I'm sitting here writing with tears running down my face. In the last 72 hours I've received more death threats, rape threats, abuse and hatred than I can count. I'm transgender, and on Sunday, Sept. 29, I found my name spreading across the gaming community for identifying the man who'd misgendered me.

I'd spent four days in London covering a huge gaming convention called Eurogamer. On the show's final day I decided that, as I'd finished all my work, I'd go have a look around for something to do for fun. I eventually settled on spending some time at the Xbox stage.

Having walked past the stage repeatedly over the weekend, I knew the format. Every hour they were giving away a game console on stage. Each time, they brought six people up on stage: five men and one token woman to prevent sexism accusations. When they asked for volunteers, I was the first picked by the presenter to come up on stage. Jackpot.

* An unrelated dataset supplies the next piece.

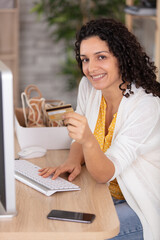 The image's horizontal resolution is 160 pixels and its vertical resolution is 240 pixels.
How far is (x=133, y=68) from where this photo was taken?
1701 mm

He pulled four men up on stage with me and then started insisting that they needed a woman up on stage too. Were there any women in the audience who wanted to take part? My heart sank instantly. Despite my presentation, he was insisting to the audience that nobody on stage was female. I felt sick.

During the time I was on stage, he referred to me more than once as male. Once he realized his mistake, he switched to "er, that person" rather than use female pronouns like he did for the other woman on stage. Everyone else was either "gentleman" or "young woman." I'm just something that he was afraid to try to address.

I walked away pretty upset. I spoke to the staff manning the stage to tell them I was unhappy and asked to talk to the presenter. My requests were refused. I requested the presenter's name so that I could make a formal complaint. They refused. At this point I was fairly upset and angry. I made a complaint anyway, but I also took to Twitter to voice my anger over the fact that this man had upset me, yet I was not able to tell him directly and get closure. I decided to head home -- a trip of a few hours by train -- and thought nothing more of it.

Those few hours changed everything. A friend of mine contacted me with the Twitter handle of the presenter, whose name turned out to be Fraser Millward. I was angry and upset, so, perhaps stupidly, I mentioned him on Twitter by his handle. Then a huge number of people started to retweet me, more people than I can wrap my head around. The story ended up on Reddit and 4Chan. Suddenly I was in the spotlight. I was getting tweets sent my way more quickly than I could read them, and everything happened at once. This all happened while I was on the train home.

Some tweets were supportive. Some were accusations that I'd made the whole thing up. Most of them were vile messages about how I am a man and a disgusting freak who would be better off dead. The number of death threats and dehumanizing comments I received was unbelievable. Being misgendered at Eurogamer was nothing compared with my punishment for speaking up about it. This is why trans people rarely speak up when these things happen. People tracked down my phone number. Hate flooded my work inbox. I had people threatening to track me down in person and attack me. People found my old identity and began to try to publicize it. I faced the darkest aspects of the Internet just for existing and speaking up.

The gaming industry isn't terribly kind to trans people. I've written a longer piece about my experiences here. I am usually the first to discuss trans issues within the gaming industry, but a few days of death threats can really limit one's will to fight. All I wanted to do was tell someone that he had upset me. I never wanted anything else.